◆ WHAT YOU ARE ASKED TO DO ◆
Count every line below that contains "White", then state the total with no other output.

### DATA EXTRACTS ###

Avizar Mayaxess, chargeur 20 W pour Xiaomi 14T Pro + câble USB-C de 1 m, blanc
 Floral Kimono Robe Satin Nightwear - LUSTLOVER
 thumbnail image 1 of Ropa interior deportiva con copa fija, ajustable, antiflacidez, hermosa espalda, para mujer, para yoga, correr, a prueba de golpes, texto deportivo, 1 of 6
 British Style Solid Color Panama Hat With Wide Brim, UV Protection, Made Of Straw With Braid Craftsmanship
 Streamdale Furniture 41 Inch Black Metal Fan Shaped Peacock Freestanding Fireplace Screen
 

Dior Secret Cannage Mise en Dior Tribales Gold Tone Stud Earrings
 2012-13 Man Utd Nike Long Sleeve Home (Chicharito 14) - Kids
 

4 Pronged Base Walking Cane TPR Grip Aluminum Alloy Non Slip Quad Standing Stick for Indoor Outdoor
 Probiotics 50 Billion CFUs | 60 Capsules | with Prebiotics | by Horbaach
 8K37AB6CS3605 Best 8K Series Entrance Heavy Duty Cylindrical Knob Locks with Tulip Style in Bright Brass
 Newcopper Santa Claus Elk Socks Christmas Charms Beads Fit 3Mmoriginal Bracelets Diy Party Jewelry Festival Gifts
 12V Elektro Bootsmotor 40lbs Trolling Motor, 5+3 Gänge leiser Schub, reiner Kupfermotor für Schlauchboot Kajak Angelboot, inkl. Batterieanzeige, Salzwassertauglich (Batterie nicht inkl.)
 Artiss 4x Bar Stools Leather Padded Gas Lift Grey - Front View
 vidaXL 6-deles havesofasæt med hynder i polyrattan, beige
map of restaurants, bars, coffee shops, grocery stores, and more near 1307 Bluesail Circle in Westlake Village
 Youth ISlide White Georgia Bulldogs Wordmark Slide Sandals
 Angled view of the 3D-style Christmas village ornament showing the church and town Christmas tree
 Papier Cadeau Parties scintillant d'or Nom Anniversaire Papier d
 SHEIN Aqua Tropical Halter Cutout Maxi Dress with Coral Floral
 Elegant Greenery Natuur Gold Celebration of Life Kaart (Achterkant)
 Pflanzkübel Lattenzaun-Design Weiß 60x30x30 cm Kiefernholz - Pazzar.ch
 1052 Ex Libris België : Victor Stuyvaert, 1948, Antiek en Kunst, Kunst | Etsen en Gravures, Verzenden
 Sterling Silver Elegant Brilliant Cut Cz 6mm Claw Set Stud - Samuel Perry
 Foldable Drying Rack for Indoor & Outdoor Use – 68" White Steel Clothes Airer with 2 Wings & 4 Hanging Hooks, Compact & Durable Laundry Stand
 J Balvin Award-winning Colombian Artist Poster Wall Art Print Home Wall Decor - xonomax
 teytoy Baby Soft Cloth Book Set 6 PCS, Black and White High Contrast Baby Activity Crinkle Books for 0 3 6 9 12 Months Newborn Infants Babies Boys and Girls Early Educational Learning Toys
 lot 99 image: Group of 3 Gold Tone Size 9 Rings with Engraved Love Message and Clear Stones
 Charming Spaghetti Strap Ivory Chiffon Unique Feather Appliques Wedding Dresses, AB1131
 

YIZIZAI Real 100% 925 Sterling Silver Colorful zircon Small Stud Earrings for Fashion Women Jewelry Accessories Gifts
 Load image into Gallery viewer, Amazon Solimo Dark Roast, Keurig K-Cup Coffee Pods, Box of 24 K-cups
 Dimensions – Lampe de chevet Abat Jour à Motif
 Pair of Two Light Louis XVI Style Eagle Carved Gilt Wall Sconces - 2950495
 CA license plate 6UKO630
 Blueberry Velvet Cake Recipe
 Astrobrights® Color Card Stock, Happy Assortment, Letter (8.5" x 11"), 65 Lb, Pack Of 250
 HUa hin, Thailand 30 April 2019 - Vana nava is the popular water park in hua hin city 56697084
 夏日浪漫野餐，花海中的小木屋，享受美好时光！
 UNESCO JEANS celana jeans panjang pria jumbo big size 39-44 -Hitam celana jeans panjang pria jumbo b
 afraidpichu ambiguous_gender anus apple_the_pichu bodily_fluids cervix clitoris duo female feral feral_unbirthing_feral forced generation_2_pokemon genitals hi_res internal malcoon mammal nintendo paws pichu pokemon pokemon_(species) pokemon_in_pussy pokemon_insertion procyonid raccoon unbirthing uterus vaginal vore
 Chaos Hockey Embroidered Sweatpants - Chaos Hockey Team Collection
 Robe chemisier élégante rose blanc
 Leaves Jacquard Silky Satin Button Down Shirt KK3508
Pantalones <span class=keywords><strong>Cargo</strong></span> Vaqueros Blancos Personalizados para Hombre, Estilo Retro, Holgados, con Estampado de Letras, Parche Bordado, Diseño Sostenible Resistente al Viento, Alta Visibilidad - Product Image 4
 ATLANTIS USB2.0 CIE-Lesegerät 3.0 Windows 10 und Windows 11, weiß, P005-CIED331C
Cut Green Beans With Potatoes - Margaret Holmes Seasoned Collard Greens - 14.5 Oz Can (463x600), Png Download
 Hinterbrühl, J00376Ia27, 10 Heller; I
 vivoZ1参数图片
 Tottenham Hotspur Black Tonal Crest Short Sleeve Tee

###

◆ RESPONSE ◆
3